▶ DATASET ENTRIES:
Start of Block

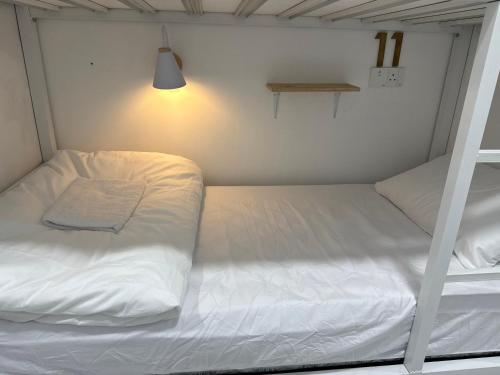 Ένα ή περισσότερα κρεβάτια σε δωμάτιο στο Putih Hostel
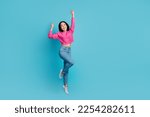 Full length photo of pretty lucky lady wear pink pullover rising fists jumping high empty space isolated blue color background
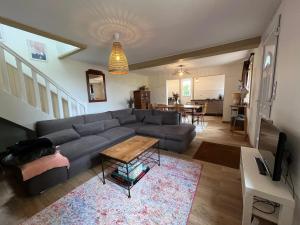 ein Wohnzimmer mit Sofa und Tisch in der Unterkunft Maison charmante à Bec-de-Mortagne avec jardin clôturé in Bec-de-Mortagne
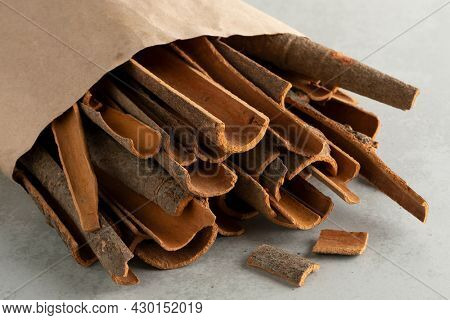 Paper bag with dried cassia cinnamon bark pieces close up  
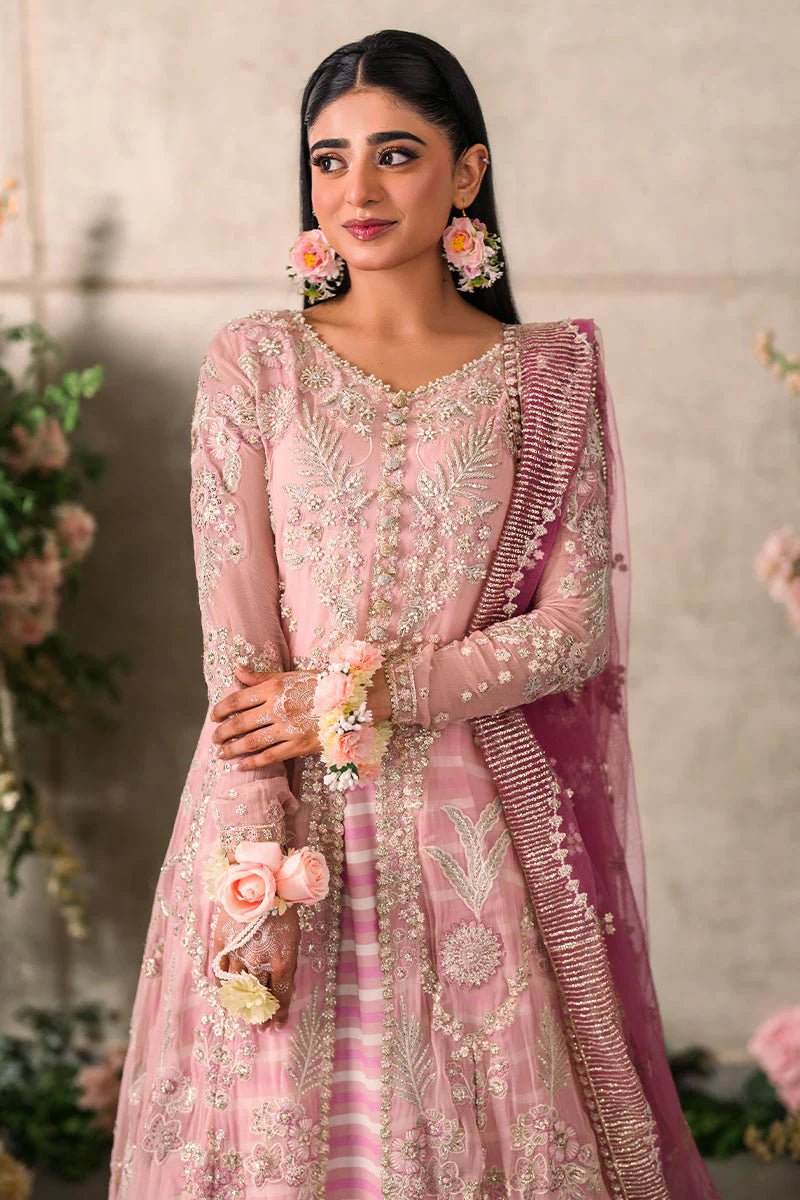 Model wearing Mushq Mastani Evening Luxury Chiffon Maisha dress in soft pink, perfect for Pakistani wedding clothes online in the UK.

End of Block
Start of Block

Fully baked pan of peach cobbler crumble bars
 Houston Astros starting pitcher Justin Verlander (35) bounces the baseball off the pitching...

End of Block

▶ TASK DETAILS: All lines above from the one containing "Full length photo" up to and including the one containing "ein Wohnzimmer mit" are to be set down exactly, and nothing else. Leave images out.

▶ RESPONSE BELOW:
 Full length photo of pretty lucky lady wear pink pullover rising fists jumping high empty space isolated blue color background
 ein Wohnzimmer mit Sofa und Tisch in der Unterkunft Maison charmante à Bec-de-Mortagne avec jardin clôturé in Bec-de-Mortagne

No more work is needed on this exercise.